I love the stories emerging regularly in radiology where technology and creativity are ushering in new ways to improve the patient care offered by radiologists. Such is the case at the University of Miami Miller School of Medicine where the Department of Radiology is working with the University’s Institute for Data Science and Computing (IDSC) to design an artificial intelligence (AI) tool that could help them as they diagnose patients, and which could also play a role in providing personalized, precision-based patient care.
Traditionally, radiologists use their specialized training and experience to review radiological images, the patient’s electronic medical records and other data sources to reach a diagnosis. At the University of Miami, radiology faculty are working with the IDSC to develop an artificial intelligence toolbox to help them diagnose their patients based not only on imaging data but also by considering a patient’s unique background and circumstances. The Miami radiologists hope the toolbox will consider risk factors such as race and ethnicity, socioeconomic and educational status, and exposure in order to aid their radiologists' evaluations. They believe artificial intelligence in radiology is currently only able to make a binary decision such as positive or negative for one disease, rather than scanning for a host of disorders. They hope to change this.

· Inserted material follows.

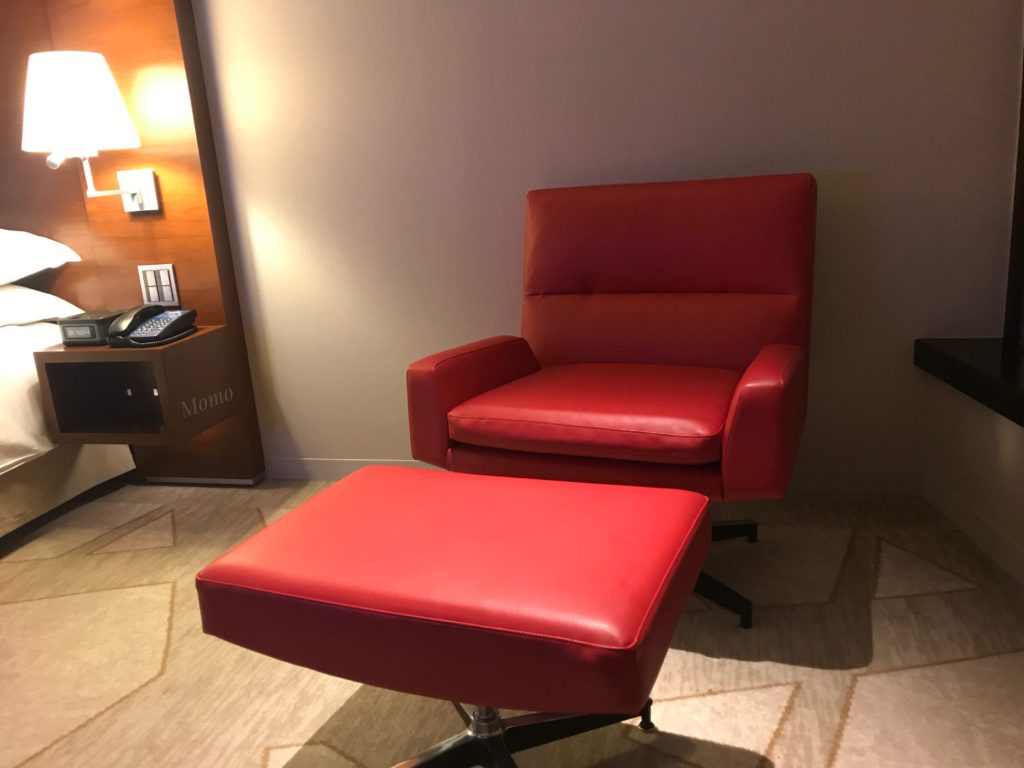 ヒルトンホテル東京　椅子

According to Radiology Department Chair Alex McKinney, M.D., artificial intelligence should be contextual in nature, which will take in all of a patient’s risk factors, lab data, and past medical data. “It will become a form of augmented interpretation to help us take care of the patient," he said. The team in Miami notes that patient data that is used in a radiological diagnosis is typically not inclusive of a range of demographic groups, which can lead to a bias in care. Their AI toolkit is designed to alter that paradigm.
The radiologists plan to focus first on illnesses that have a high mortality or prevalence in the local population, like breast cancer, lung cancer, and prostate cancer, and to add other patient conditions over time. In an effort to remove bias, the team plans to add more images and data of all population groups in the community, as it is available.
This is an ambitious project. If proven successful, this project could lead to a new era in diagnostic radiology where radiologists can add to their understanding not just the radiological images but also the patient’s genetics, age, and various risk factors. We live in exciting times!